• [TASK TO CARRY OUT]: The answer must be the lines from the one that holds "Saawariya / Saawariya (2007)" through the final line of the data, copied exactly, with no pictures.

• [THE DATA]:
================
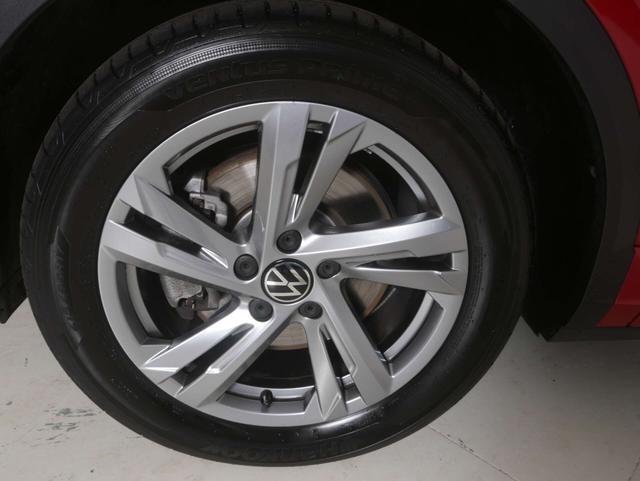 Volkswagen T-Roc 1 2.0 TSI 4Motion R-Line 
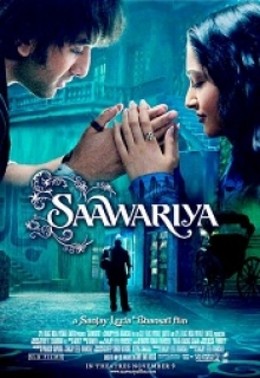 Saawariya / Saawariya (2007)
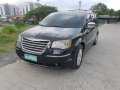 2008 Chrysler town and co ...-0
================
• [SOLUTION FOR THIS PROBLEM]:
 Saawariya / Saawariya (2007)
 2008 Chrysler town and co ...-0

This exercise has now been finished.